Petroleum is produced naturally from dead prehistoric plants and animals at the bottom of swamps and shallow areas. Partially decayed plants and animals settle to the bottom of bodies of water where they become buried and trapped in mud and sand. This sediment of mud, sand, and dead organisms slowly grows thicker and thicker. Heat and pressure cause the remains to chemically change and eventually form a viscous, sticky liquid called petroleum or crude oil.
Natural gas consists of gaseous hydrocarbons produced from fossil fuels. It is drawn from gas wells, processed, and piped into the homes and factories for use as fuels.
Nuclear power is released from the nucleus of an atom. This energy is called nuclear energy. In producing nuclear energy, a fraction of the mass of atoms is changed into energy by a splitting process called nuclear fission. In nuclear fission, energy is released when the nuclei of heavy atoms are split into fragments.
Another source of energy is the combination of nuclei or light elements to form heavier nuclei. The combining nuclei are called nuclear fusion. The energy comes from the conversion of mass lost after the fusion reaction. Virtually all of the energy in the universe originates from the fusion of hydrogen nuclei in the stars. Nuclear fusion occurs only at very high temperature, around one million degrees Celsius.
So far the fusion process has not yet become practical as an energy source. Scientists are working to learn more about the nuclei of more kinds of atoms so that fusion may someday be used as a major source of energy.

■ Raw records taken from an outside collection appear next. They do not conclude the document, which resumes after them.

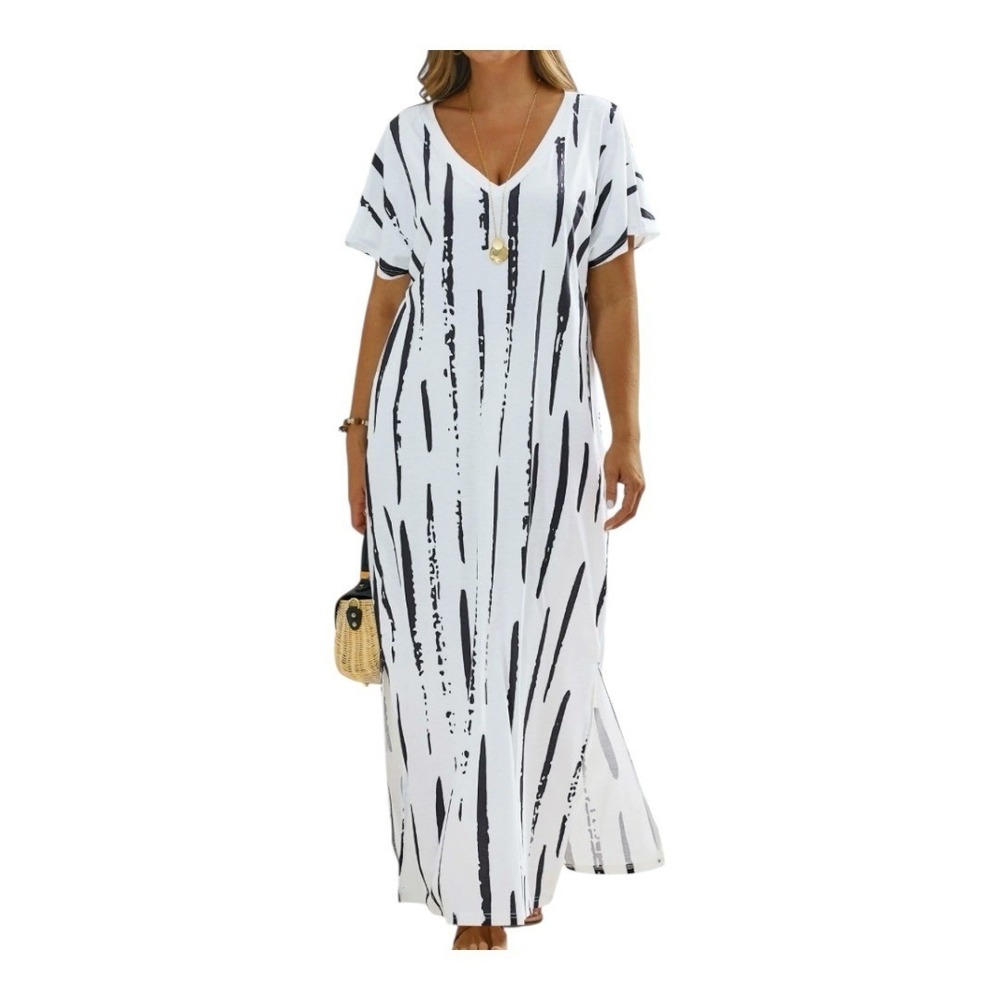 Noracora Abstract Stripe Maxi Dress Medium V-Neck Side Slit Black White NWT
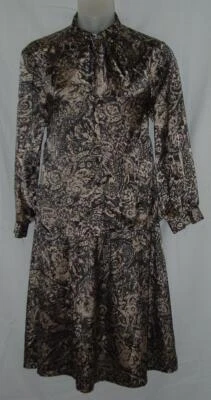 Vintage Black Print Sz 16 Church Office Skirt & Neck Tie Blouse 2 Pc Silky Set - Image 1 of 4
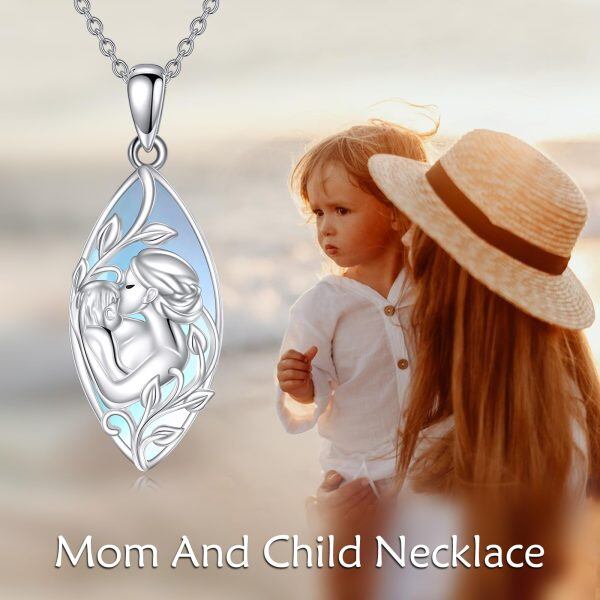 Sterling Silver Moonstone Mother Child Pendant Necklace-5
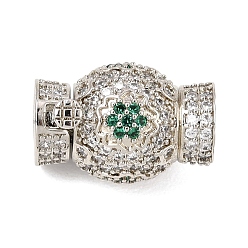 Platinum Brass Micro Pave Cubic Zirconia Box Clasps, Round with Flower, Platinum, 17x14x12mm, Hole: 5x1.3mm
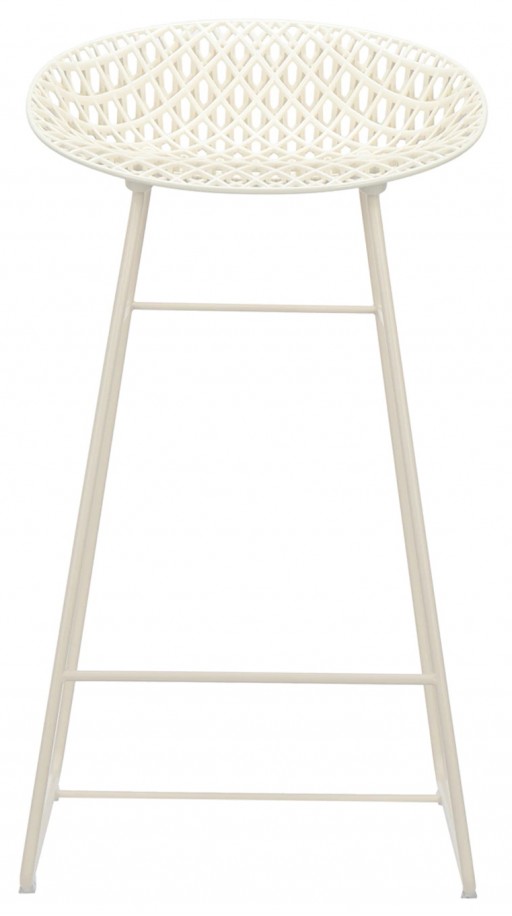 Scaun inalt Kartell Smatrik Outdoor design Tokujin Yoshioka alb mat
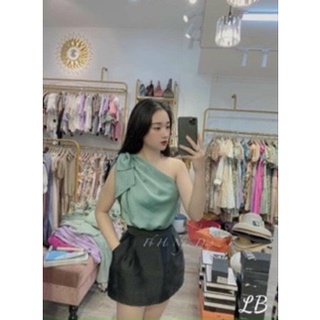 Áo kiểu phi lụa hở vai cột nơ bên vai cực xinh , chất phi lụa mềm mịn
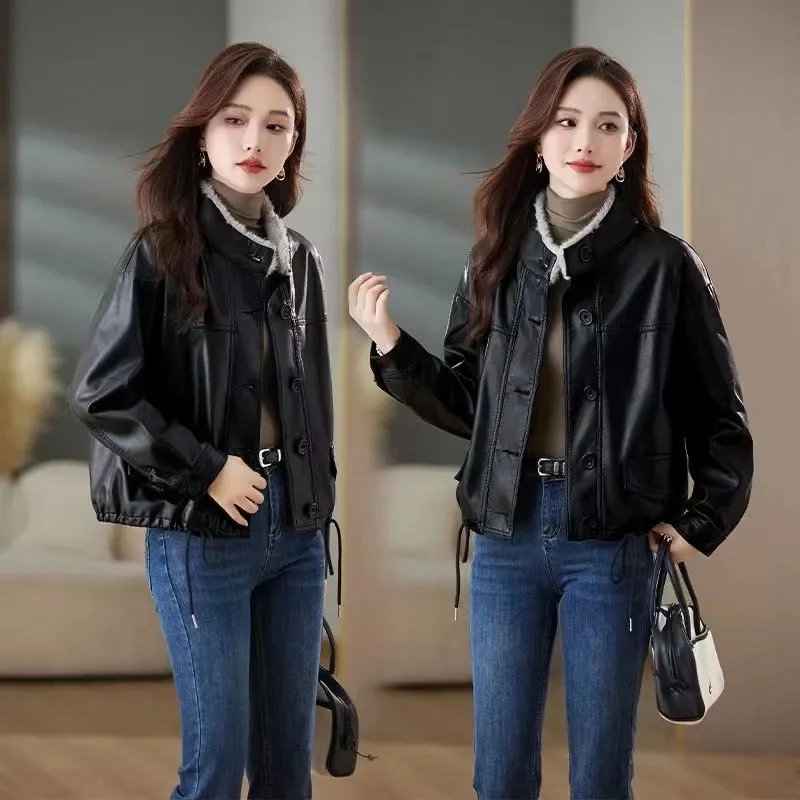 Prendas de vestir de cuero de moda coreana para mujer, chaqueta de piel sintética de manga larga para otoño e invierno, abrigo de cuero PU de ocio para mujer 2025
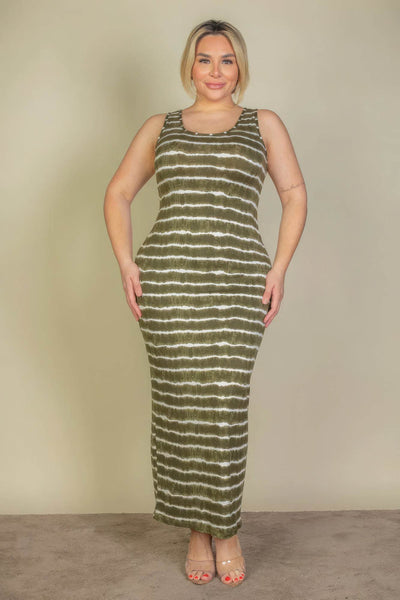 Plus Size Tie Dye Printed Tank Bodycon Maxi Dress - Ebony's Shopping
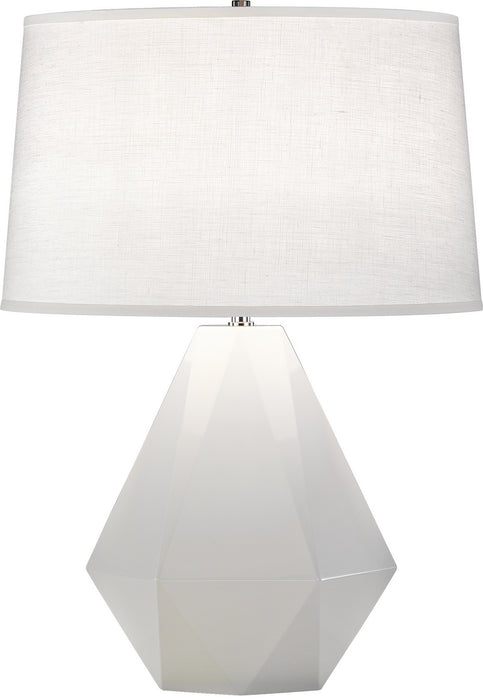 Robert Abbey 932 One Light Table Lamp, Lily Glazed Ceramic w/Polished Nickel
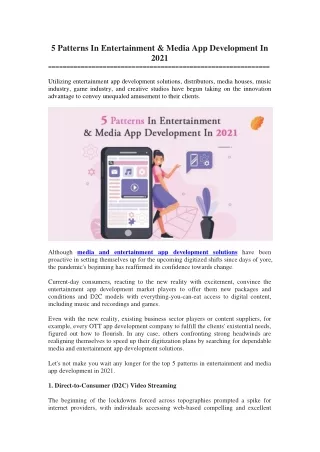 5 patterns in entertainment media app development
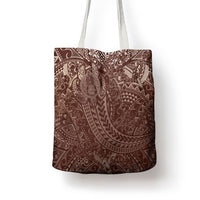 Hawaiian Turtles and Leis Tote Bag Tribal Kakau Pattern Mocha Mousse Color
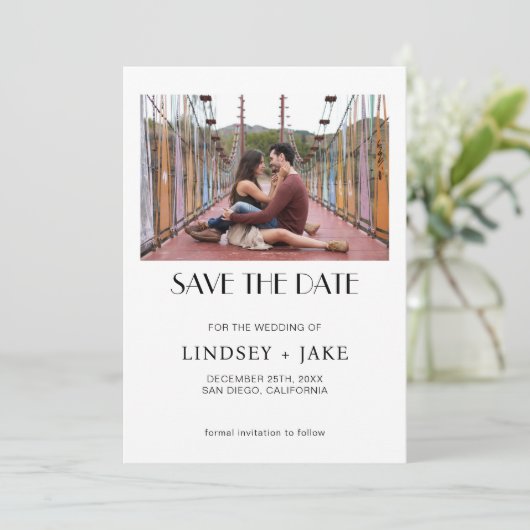 Elegant Bewaar de datum Verloving bruiloft Kaart (Staand voorkant)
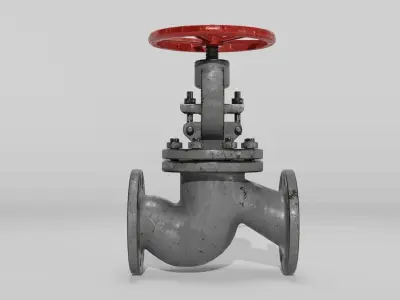 Valve metal gate Low-poly 3D model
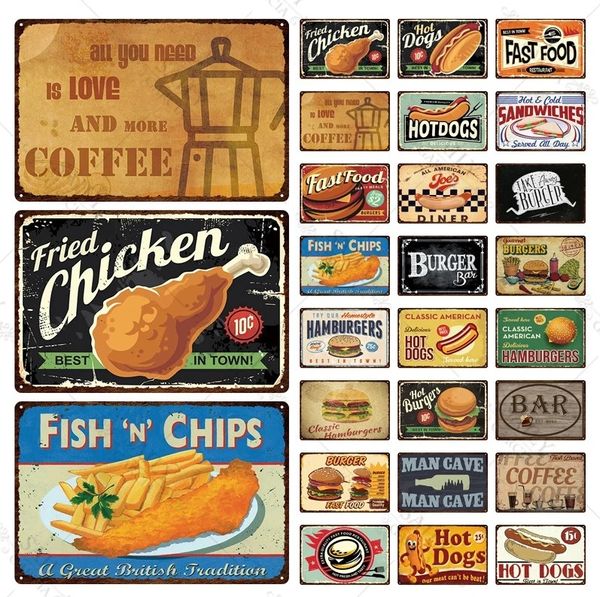 Fast food lata sinal de metal vintage placa placa metal metal vintage Decoração de parede de cachorro -quente para cozinha capa bar sinais de metal 30x20cm w03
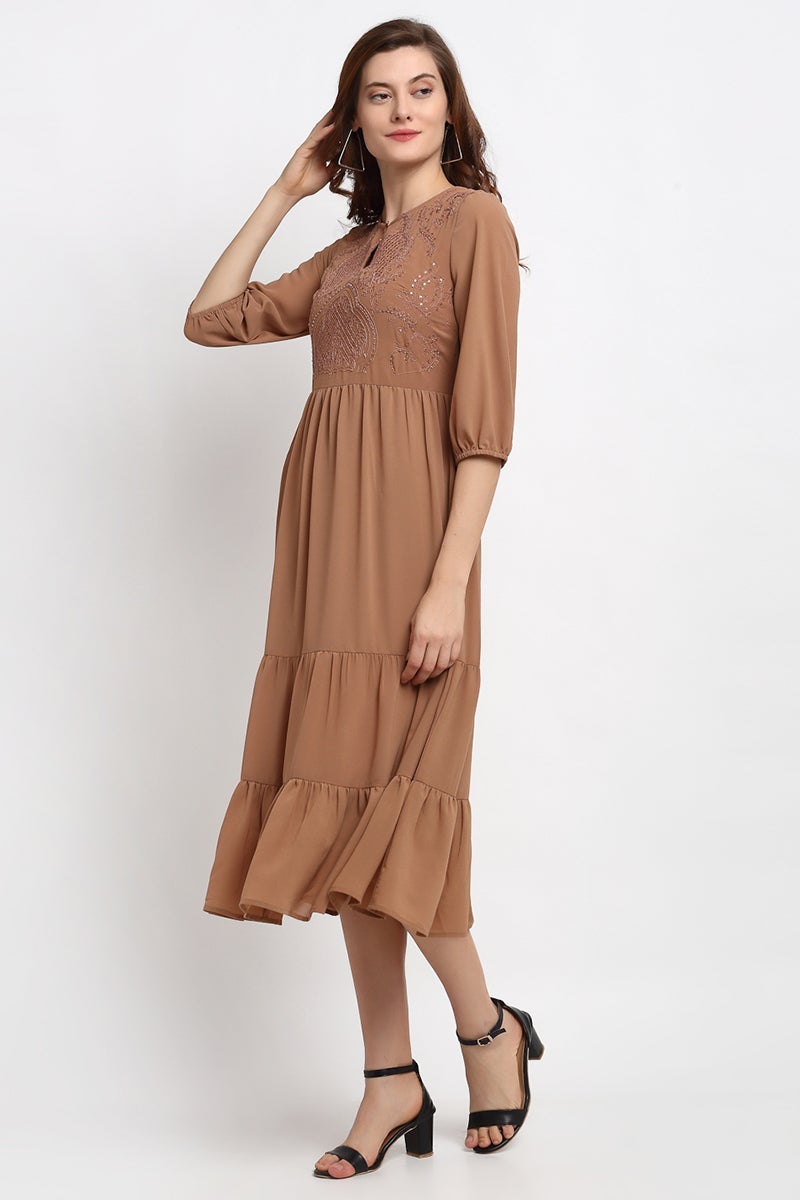 Khaki Midi Length Round Neck Polyester Dress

The production of nuclear energy has become a controversial issue because of the danger it poses to life. Nuclear reaction gives off radioactive wastes. Radioactive wastes emit radiations harmful to all living organisms. Society’s fear of nuclear energy becomes a reality in the Three Mile Island and Chernobyl nuclear plant accidents in the United States and the former Soviet Union, respectively.